*** Opening PROVIDED ENTRIES ***

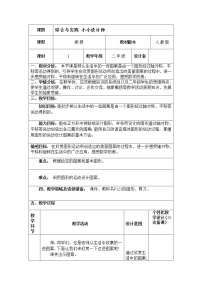 小学数学人教版二年级下册*小小设计师精品教学设计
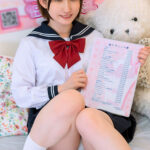 「足/脚」 「先生お願い学校には言わないで！もう辞めるから…その代わり最後のお客さんになって」裏オプありのJ系リフレで働いている教え子に延長中出し騎乗位 『FANZA』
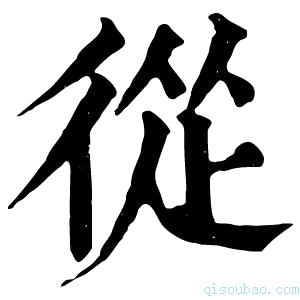 康熙字典𨑹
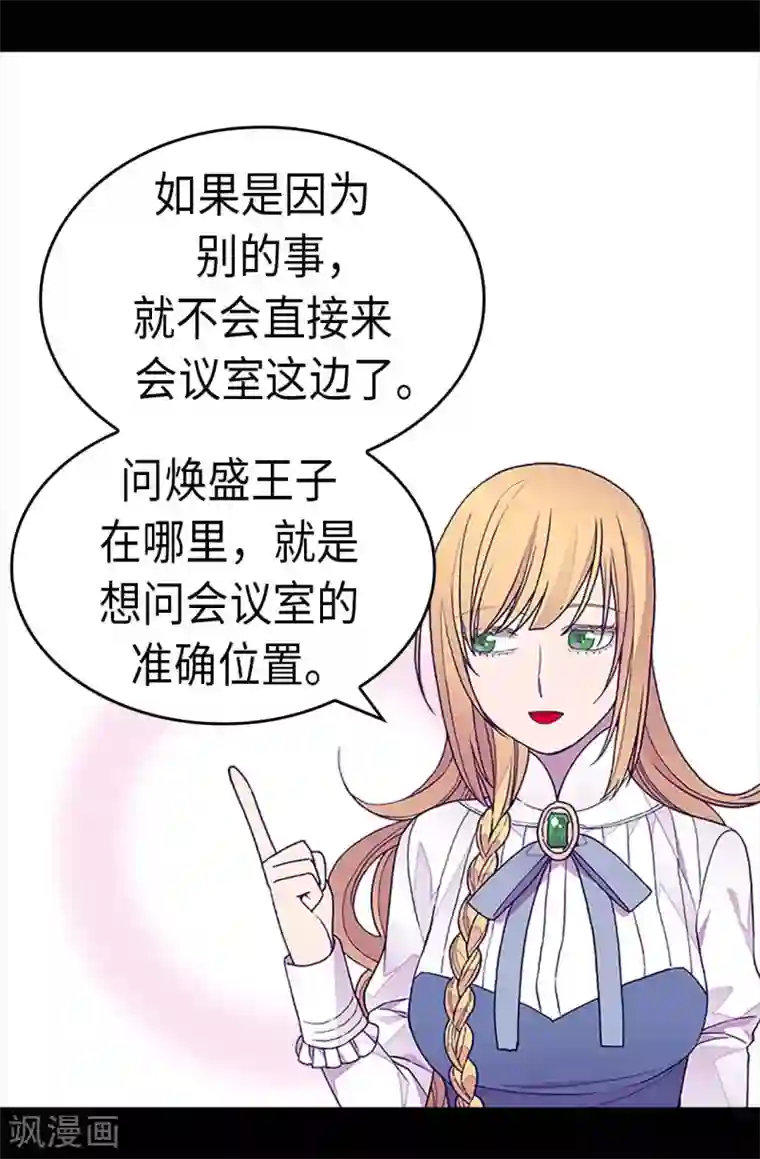据说我是王的女儿第269话 二哥为我来的？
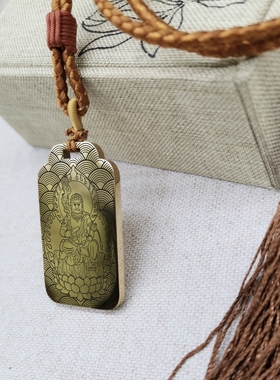 不动明王吊坠生肖项链挂件无事牌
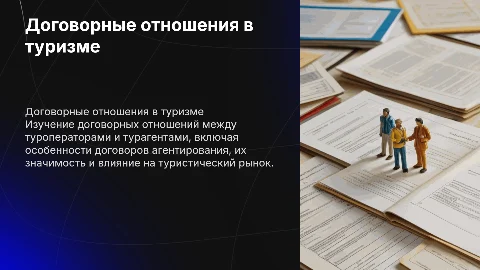 Договорные отношения между туроператорами и турагентами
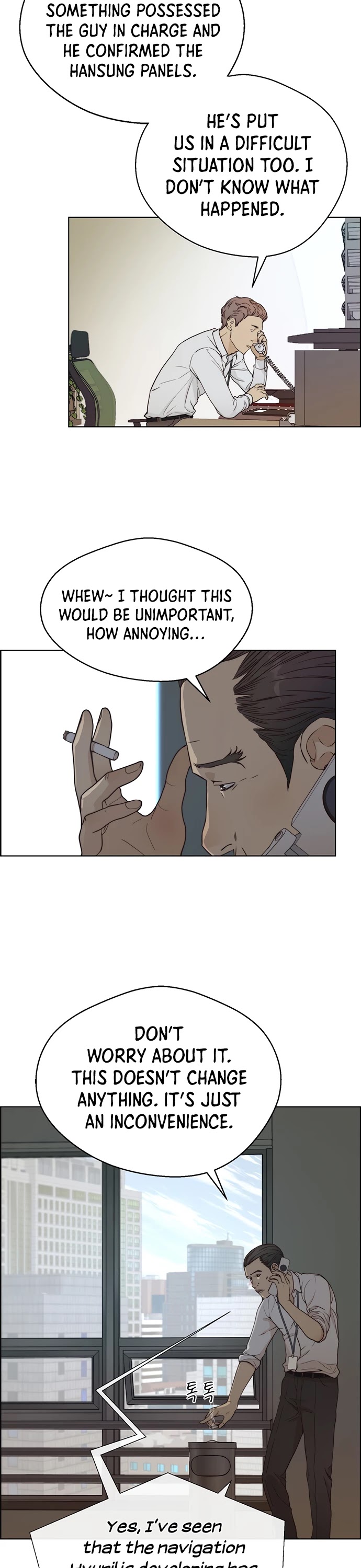 Real Man chapter 66 - page 3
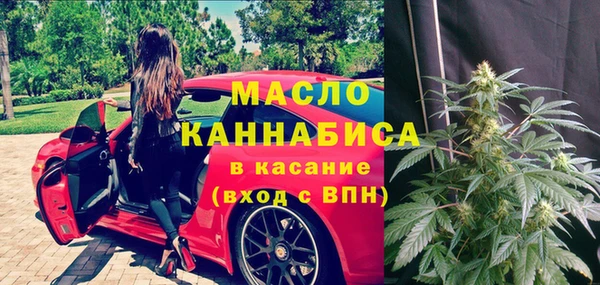 альфа пвп Новодвинск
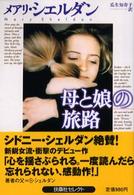 母と娘の旅路 扶桑社セレクト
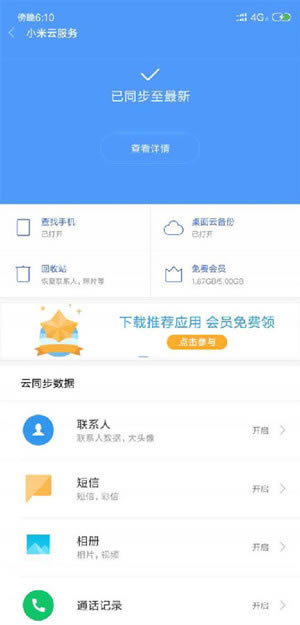 С���Ʒ�����ô����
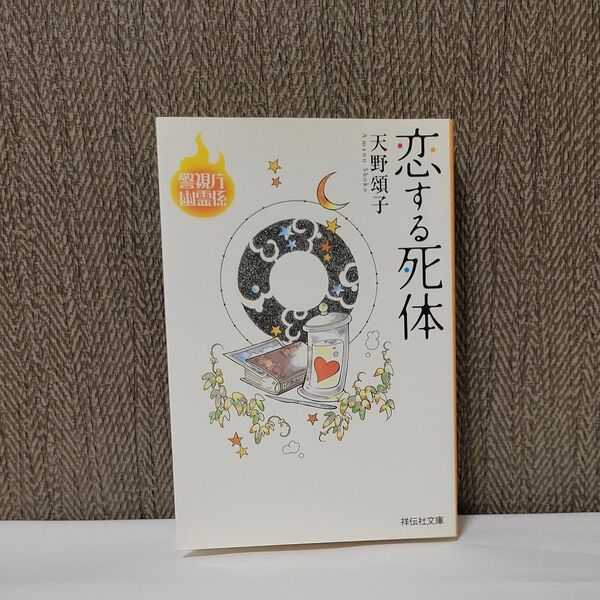 恋する死体　長編ミステリー （祥伝社文庫　あ２６－２　警視庁幽霊係） 天野頌子／著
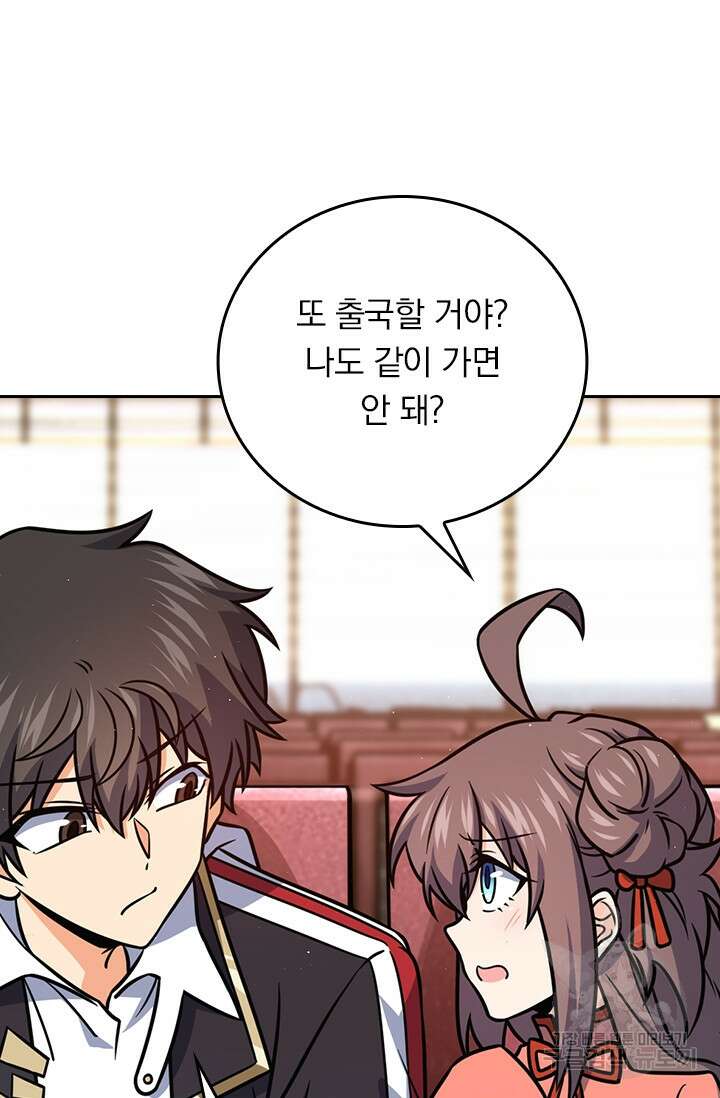 악역 플레이어는 강해지고 싶다 319화 58
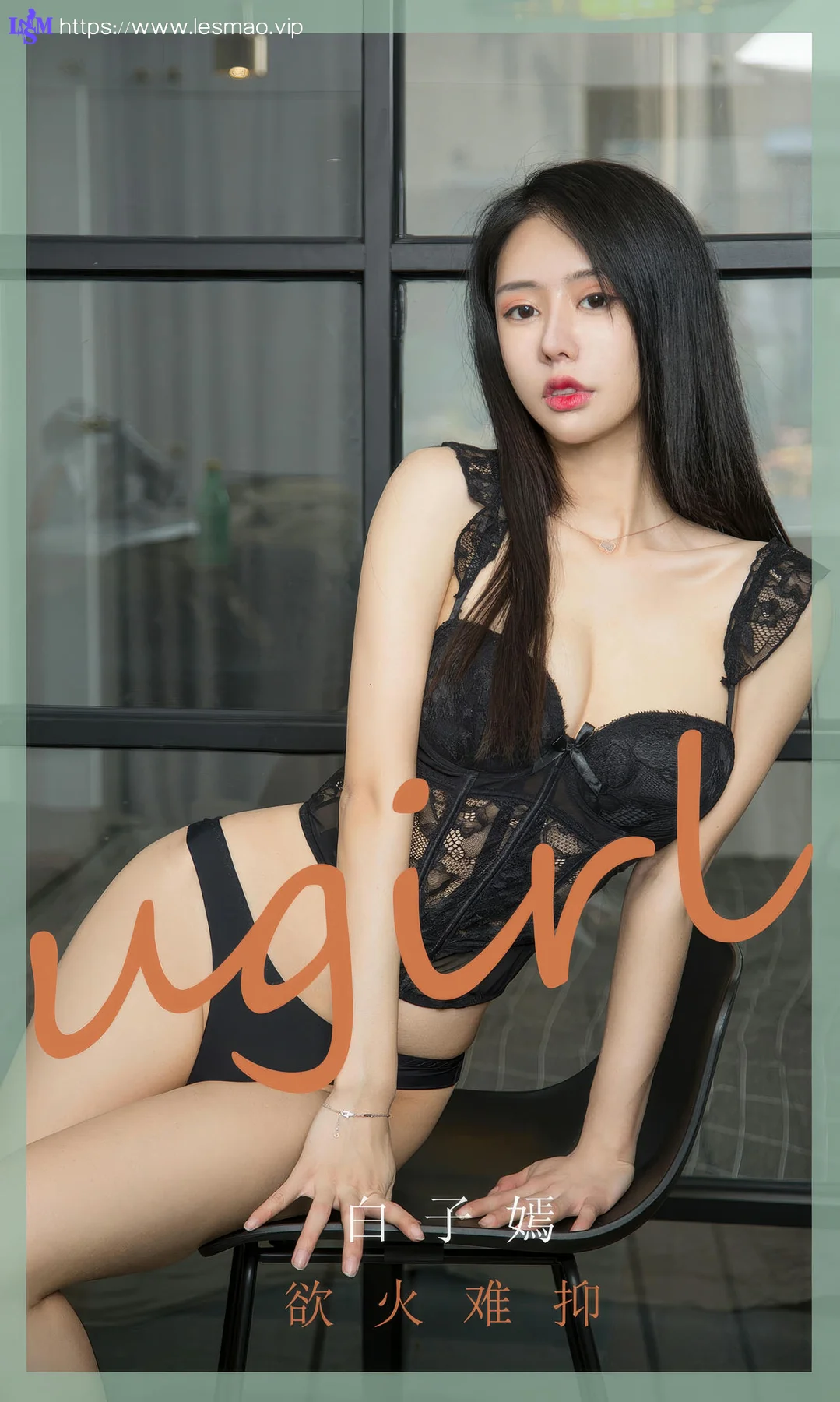 UGirls 爱尤物 No.2940 白子嫣 欲火难抑 - 1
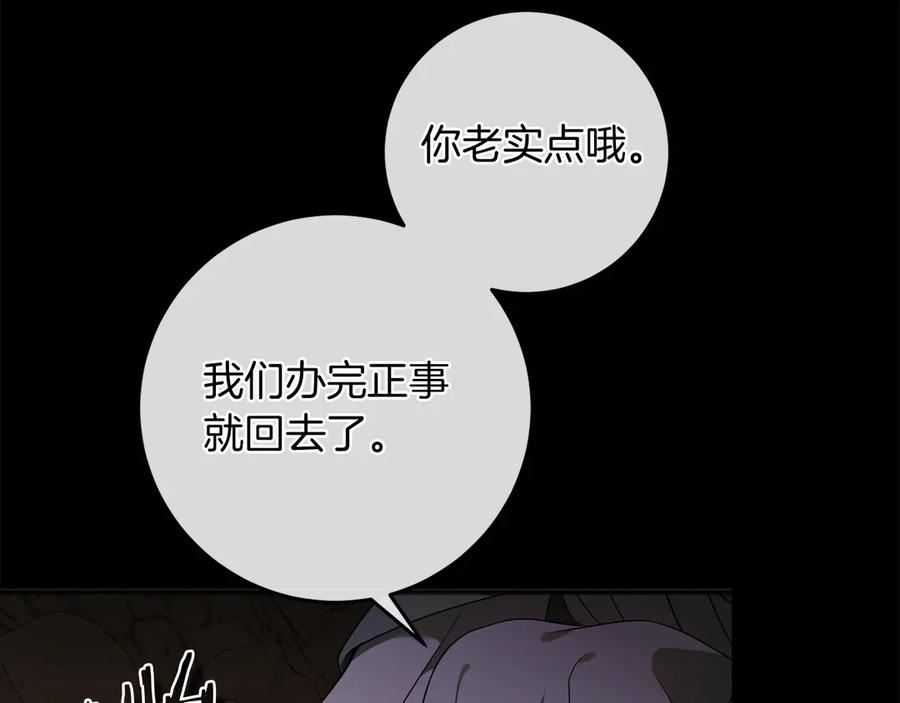 《以使者之名》第64话 时间流转 第187页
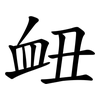衄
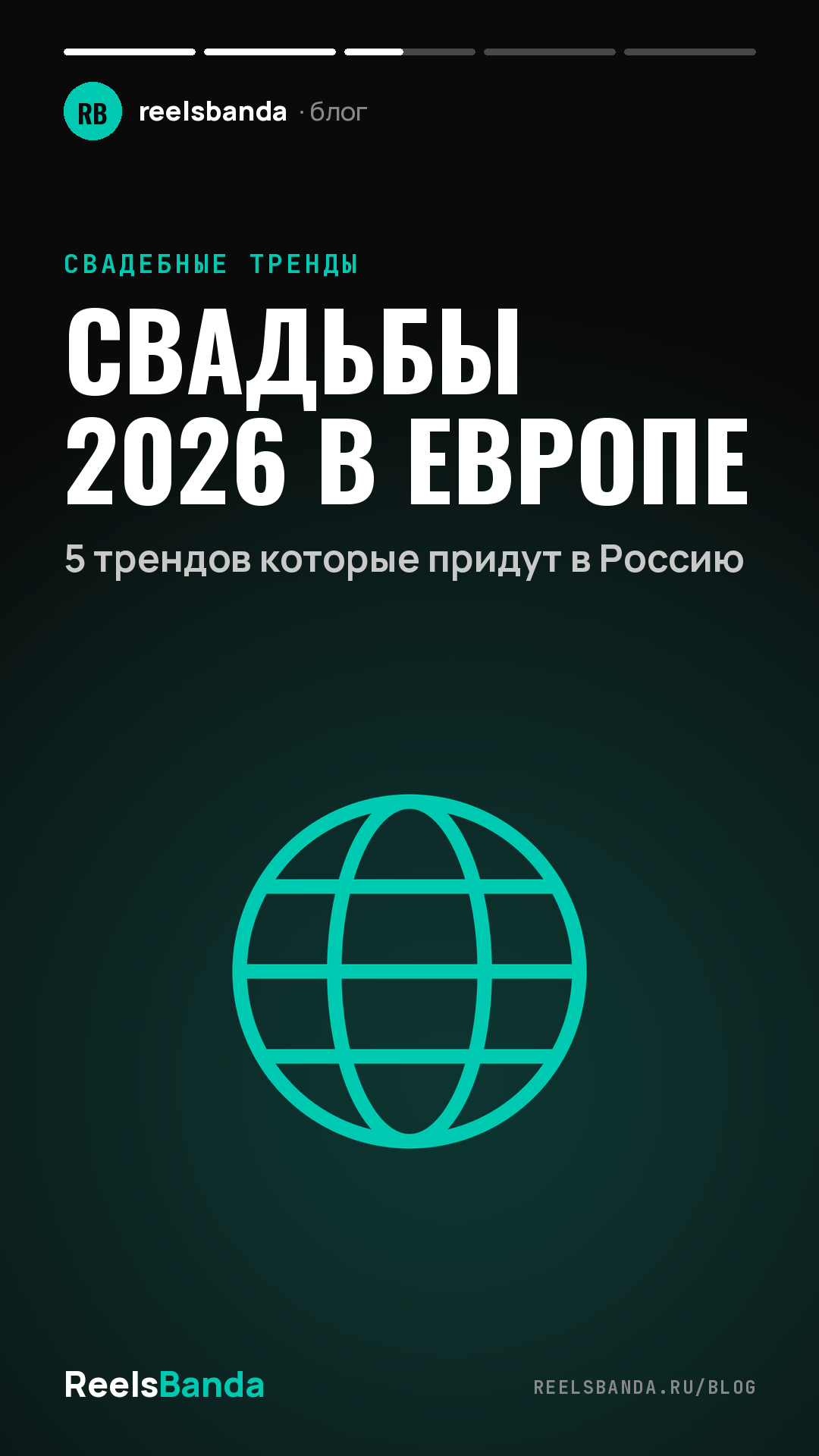 Свадьбы 2026 в Европе: 5 трендов которые придут в Россию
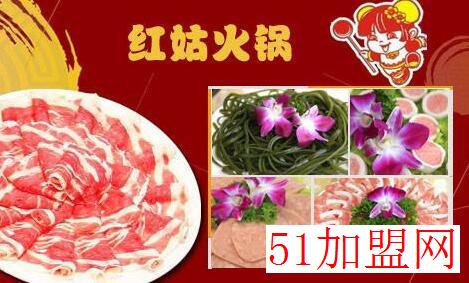 红姑火锅加盟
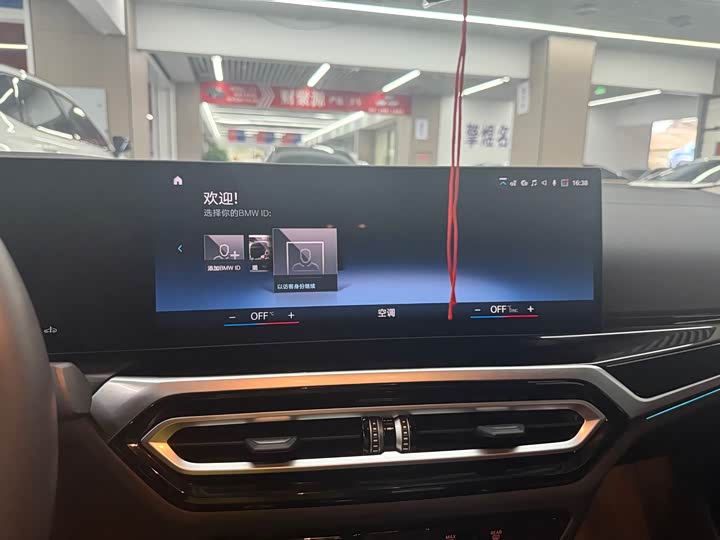 Фото 8 - BMW 3 Series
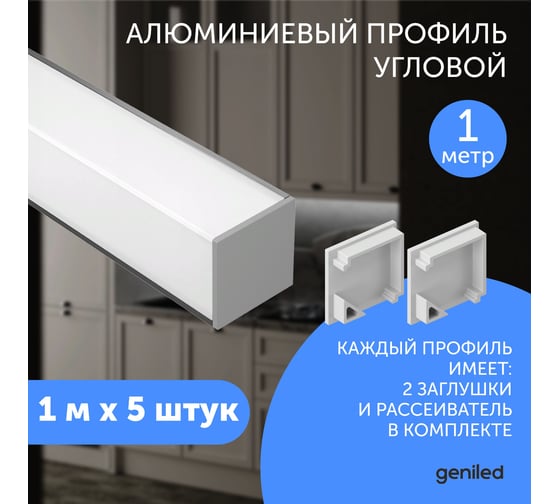 Профиль для светодиодной ленты geniled алюминиевый, угловой, 1 метр, 5 шт., белый 12345_1_ch_5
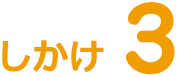 しかけ3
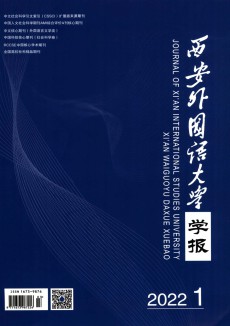 西安外國語大學學報期刊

*** Closing PROVIDED ENTRIES ***

*TASK ITEM*:
Starting at the line that contains "Профиль для светодиодной", restate every line through the end of the records exactly as written, but leave the pictures out.

*RESPONSE FOR THIS EXERCISE*:
 Профиль для светодиодной ленты geniled алюминиевый, угловой, 1 метр, 5 шт., белый 12345_1_ch_5
 しかけ3
 西安外國語大學學報期刊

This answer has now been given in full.